▸ Supplied data
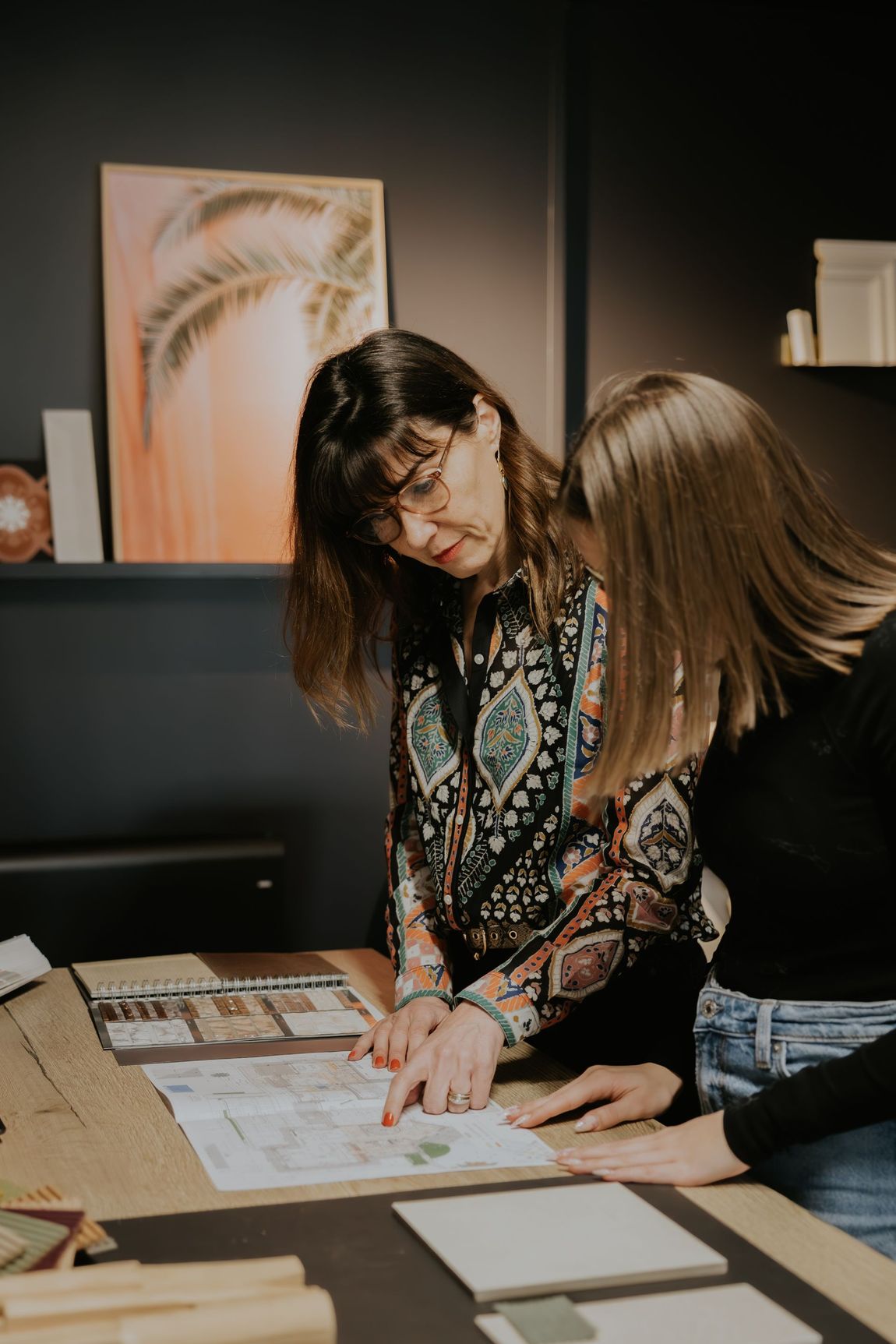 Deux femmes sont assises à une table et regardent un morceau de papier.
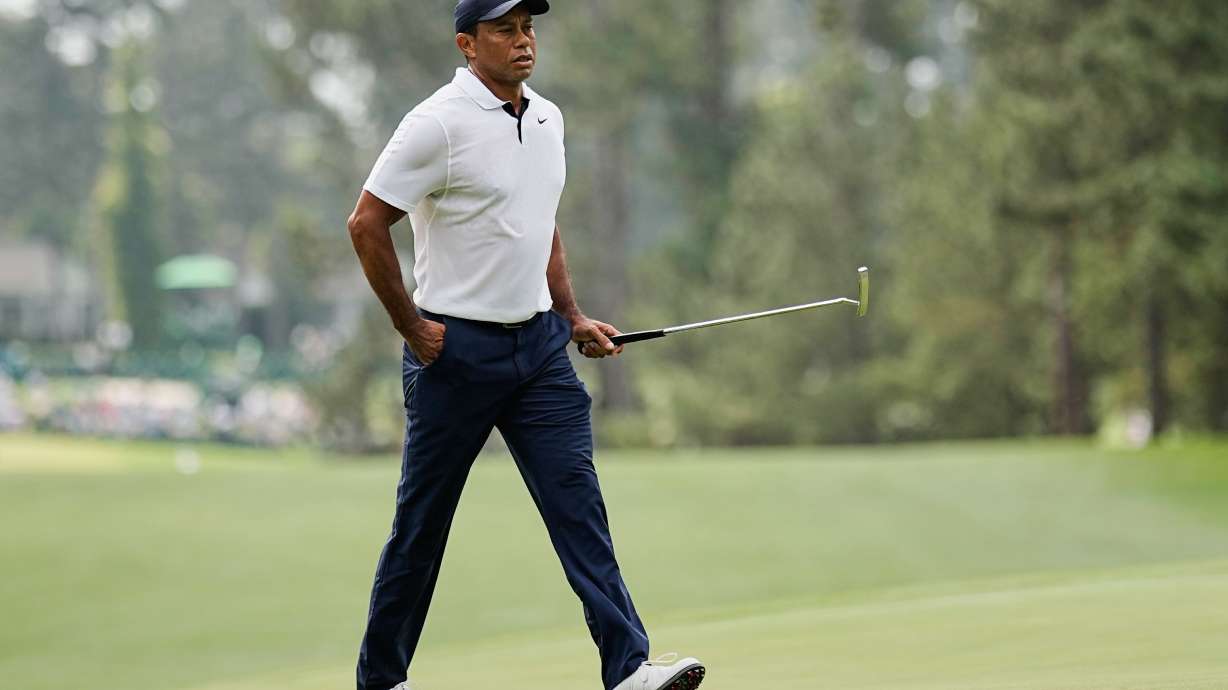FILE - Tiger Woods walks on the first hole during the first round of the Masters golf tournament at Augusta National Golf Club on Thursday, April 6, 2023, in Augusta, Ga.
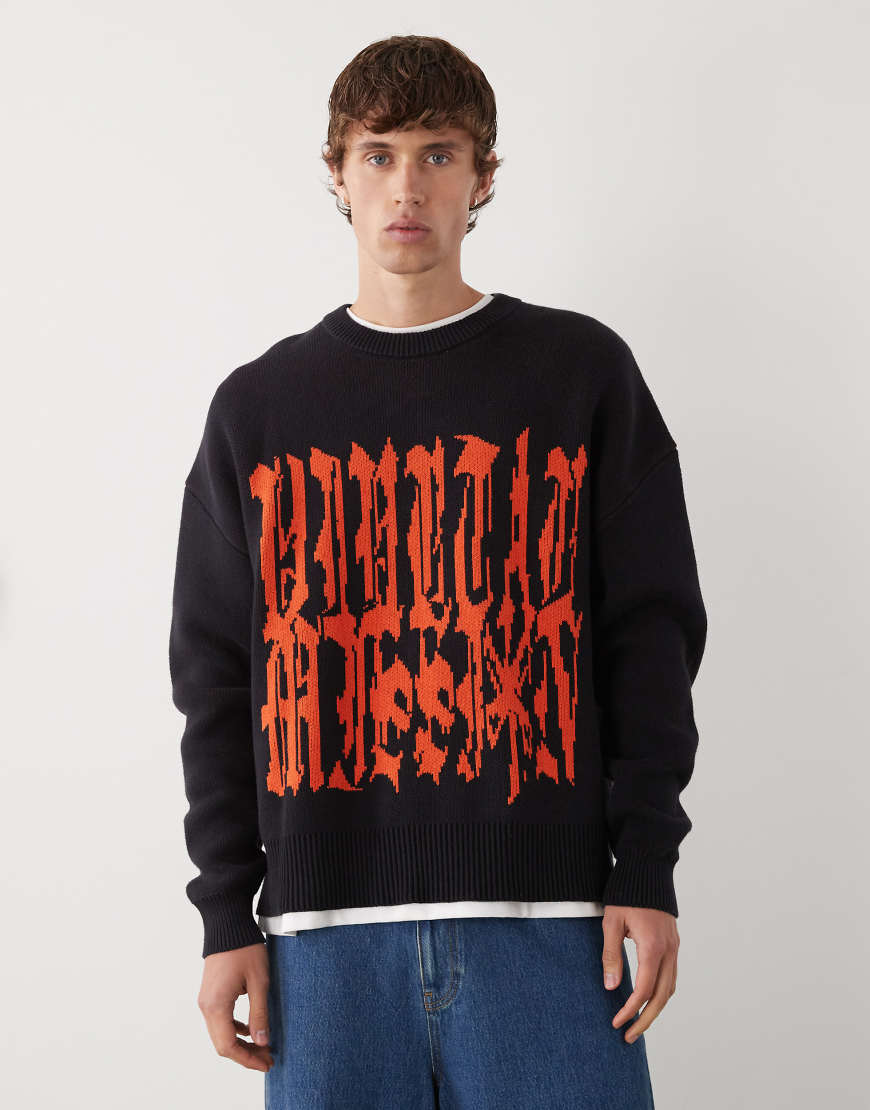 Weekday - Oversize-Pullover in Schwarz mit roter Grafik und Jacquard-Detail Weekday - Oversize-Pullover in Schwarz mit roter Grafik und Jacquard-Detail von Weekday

▸ Work required
Print the data word for word and omit the pictures.

▸ Worked solution
 Deux femmes sont assises à une table et regardent un morceau de papier.
FILE - Tiger Woods walks on the first hole during the first round of the Masters golf tournament at Augusta National Golf Club on Thursday, April 6, 2023, in Augusta, Ga.
 Weekday - Oversize-Pullover in Schwarz mit roter Grafik und Jacquard-Detail Weekday - Oversize-Pullover in Schwarz mit roter Grafik und Jacquard-Detail von Weekday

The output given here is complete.